Don’t make New Year resolutions, your happiness is at stake
Contemplating binning the luxury Christmas leftovers in the annual bid
for a New Year food refurb? January, in all its chilly, drizzly dullness, is far from the best time to go for it, advises Debora Robertson.
Instead, give yourself a break: cook what you love, love what you cook and your world will be a better tasting, better tempered place.
January: all grey and cold, and that’s just our complexions. After a month of staying up late attempting to rustle together a made-for-TV-movie version of Christmas that no one in our circle of intimates will ever forget – hopefully for the right reasons – fuelled only by breakfast prosecco and Quality Street, few of us are at our perky best.
Let’s face it, it’s dark at 4pm and we’re battling through the rain, snow and sludge on legs that haven’t seen daylight since August, hoping we can stave off the threat of rickets until the sunny uplands of spring.
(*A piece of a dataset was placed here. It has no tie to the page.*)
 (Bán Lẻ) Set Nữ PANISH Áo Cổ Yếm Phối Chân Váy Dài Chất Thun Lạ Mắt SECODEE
Is this really the time you’re going to – absolutely definitely, on Monday, maybe Tuesday – embark on the 5:2 diet, start training for a marathon or cut out wheat/dairy/Twiglets?
Personally, I feel like patting myself on the back and rewarding myself with a Twix just for heroically managing to board the bus to work without bursting into tears of regret that I can no longer spend whole days reading fat Christmas present novels, sustained by drive-by attacks on the end of the ham and scoops of stilton.
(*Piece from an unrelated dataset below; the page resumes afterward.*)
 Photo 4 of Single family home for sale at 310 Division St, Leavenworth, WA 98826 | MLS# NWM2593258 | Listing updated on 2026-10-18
I twitch with weary fury at all those articles on making resolutions at this time of year (New Year, New You? Have you met me? No? How impertinent). Talk about setting yourself up for failure. I am much more likely to embark on brisk self-improvement in September, when even after all these years, that back-to-school feeling hits like a hockey puck.
January is for soft clothes and softer blankets, racing home from work as soon as possible, catching up on your reading (who can afford to go out? What kind of monster wants to?), eating your dinner on a tray while watching schlocky telly, cosying up with your cat/dog/beloveds by the fire, planning your garden, dreaming of summer jaunts. Whatever gets you through. It is not the time for punitive regimes of any kind, thank you Nurse Ratched.
''The world is in a tricky enough state without contemplating chia seed porridge for breakfast''
The world is in a tricky enough state without contemplating chia seed porridge for breakfast. Why don’t we let this be the year that we all relax a bit, be kind to ourselves and embrace simpler, less stressful lives, starting in the kitchen? Because even that most homely of habitats has taken on a distinctly challenging edge.
You know what? This (probably) isn’t the year you’re going to make a croquembouche for Tuesday tea, and that’s absolutely fine. In an era of competitive, show-off cooking, perhaps it’s time for us all to calm down and focus on cooking comforting and flavourful food as an expression of love and home and happiness, not a cause for nerve-jangling anxiety.
I worry sometimes that the wildly successful raft of food programmes thrust at us now – from Bake Off and MasterChef to Great British Menu and Come Dine With Me – misses the point a bit. Obviously, they focus on competition, the ‘journey’, triumph and disaster, and the cooking-doesn’t-get-much-tougher-than-this jeopardy. Making something wonderful to eat can get a bit lost in whatever contrived narrative the directors are going for that week. What will Albert do now he’s messed up his Icelandic wedding cake? Will Jilly survive the splitting of her yak’s milk custard?
It’s as though the food in itself isn’t interesting enough without the side-order of peril, the will-they-won’t-they-drop-the-cake jitters delivered in relentlessly breathy voice-over. Have we reached a point where the simple act of making dinner has to be a dauntingly competitive sport, where if it’s Thursday it must be lamb baked in hay accompanied by a smear of wild, biodynamic lavender confit?
Perhaps we need to take a breath. Dinner can just be dinner. A cake can just be a cake. And maybe we need to call time on angsting over signature dishes and attempting restaurant-quality tasting menus at home, unless the very thought fills us with joy. Enough of food as a way to show off when it should be a source of pleasure and fun, an expression of affection or, hell, just something to get you through until tomorrow. All of that is fine.
If you’re making food-based resolutions this January, give yourself a break. Don’t make them about self-denial or some other complex task to put on your To Do list. Take a moment to think about what you love to eat, what you would love to make, and start there. Whether it’s baking the most delicious lemon drizzle cake, mastering minestrone or tinkering with your roast chicken recipe to get it just the way you like it, let pleasure be the crumbs on your path to perfection, however you define that for yourself. Because, in the end, that’s all that counts.